* [Provided records]:

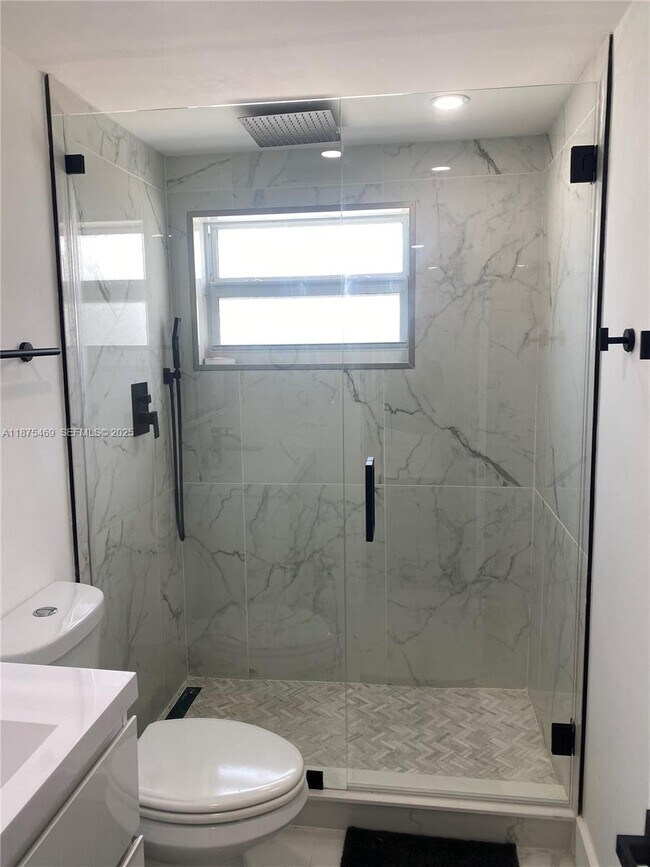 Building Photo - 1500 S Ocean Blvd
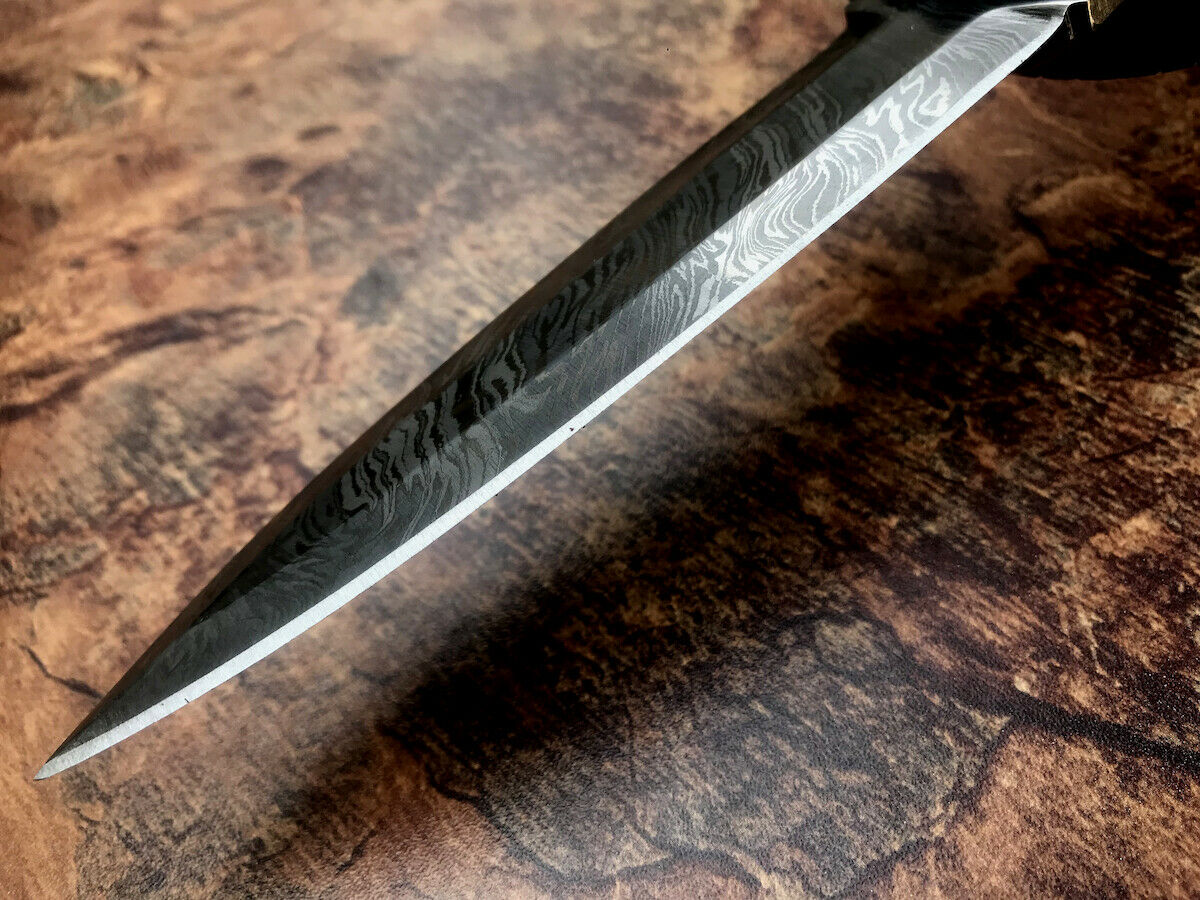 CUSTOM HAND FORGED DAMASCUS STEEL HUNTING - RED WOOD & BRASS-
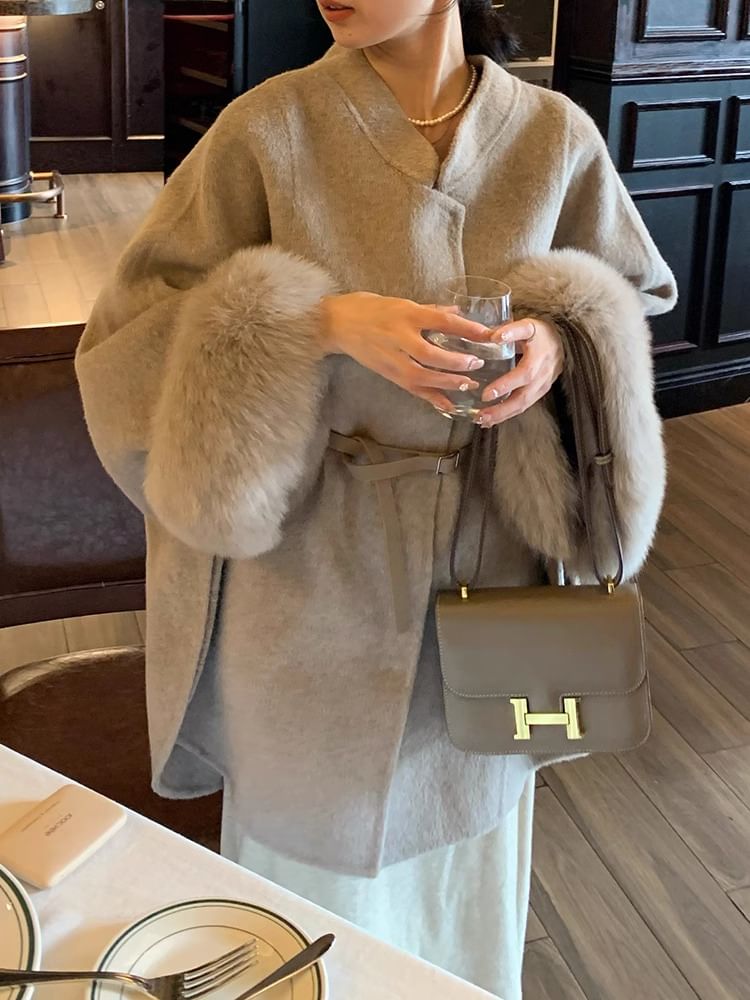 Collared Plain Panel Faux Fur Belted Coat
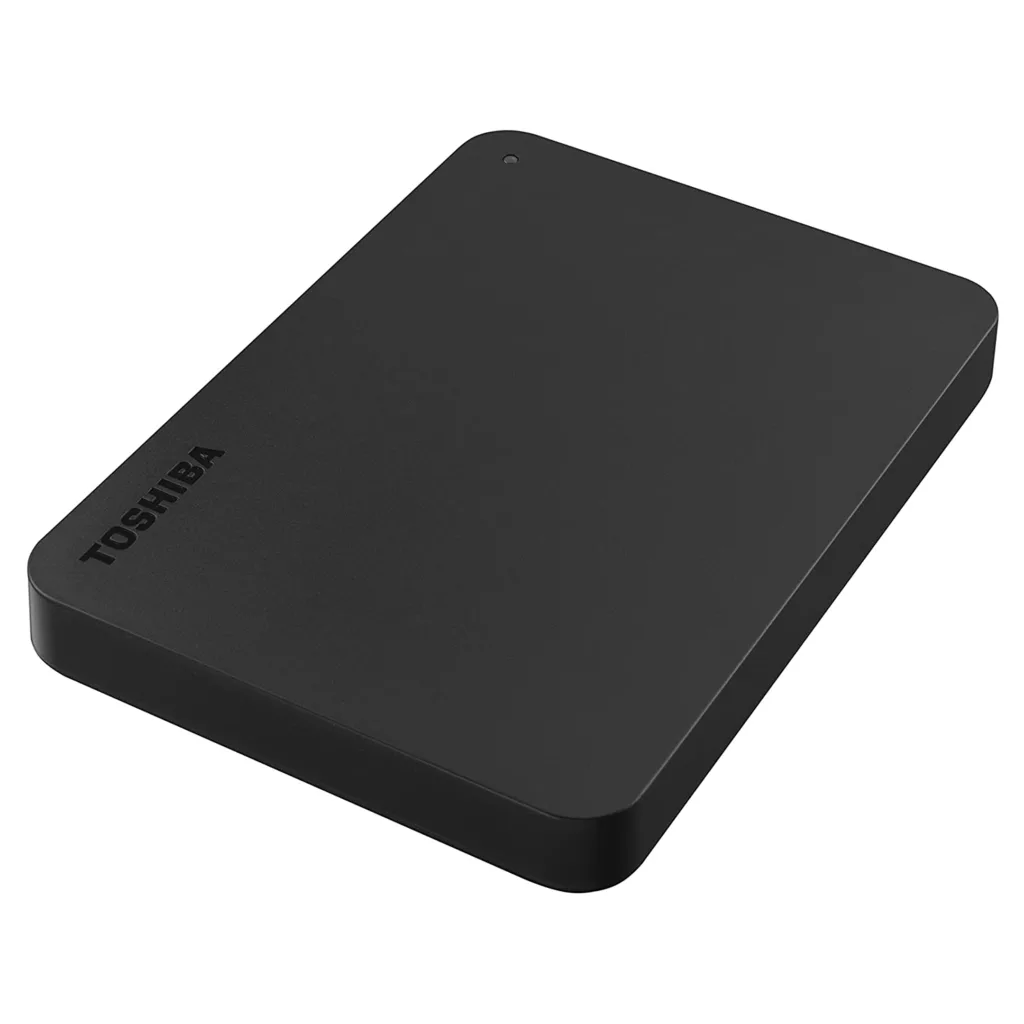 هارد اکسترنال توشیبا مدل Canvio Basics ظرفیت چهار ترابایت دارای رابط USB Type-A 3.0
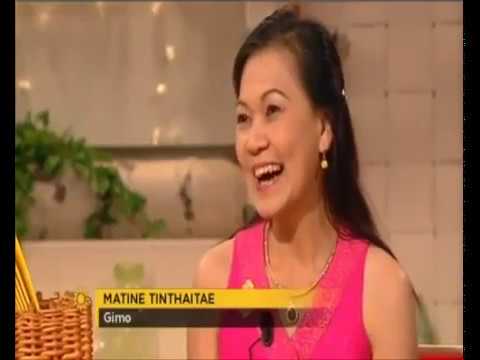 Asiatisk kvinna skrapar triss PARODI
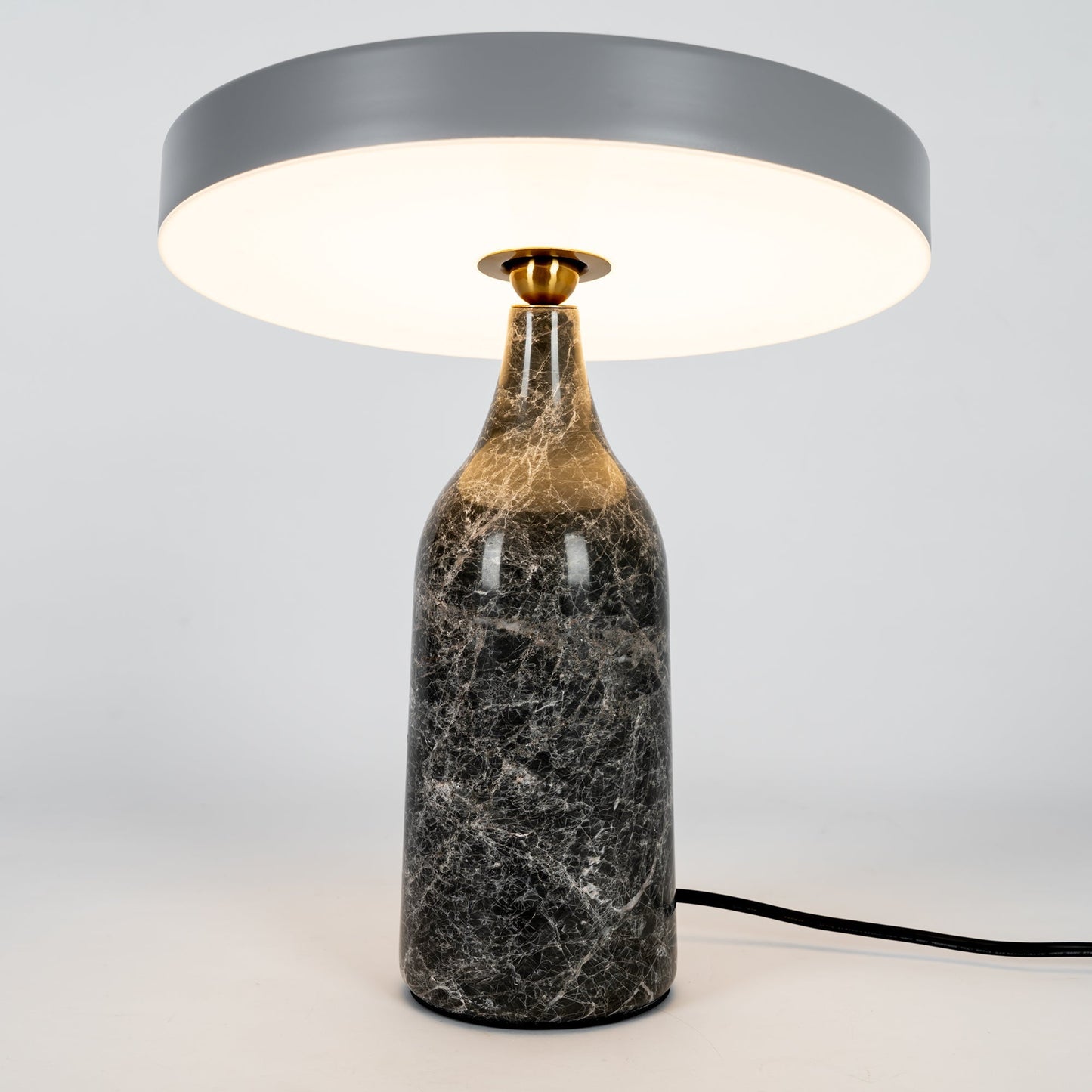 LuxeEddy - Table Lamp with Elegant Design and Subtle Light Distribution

* [What the exercise asks]:
The answer must be an exact copy of the entries, with the pictures omitted.

* [Exercise result]:
 Building Photo - 1500 S Ocean Blvd
 CUSTOM HAND FORGED DAMASCUS STEEL HUNTING - RED WOOD & BRASS-
 Collared Plain Panel Faux Fur Belted Coat
 هارد اکسترنال توشیبا مدل Canvio Basics ظرفیت چهار ترابایت دارای رابط USB Type-A 3.0
 Asiatisk kvinna skrapar triss PARODI
 LuxeEddy - Table Lamp with Elegant Design and Subtle Light Distribution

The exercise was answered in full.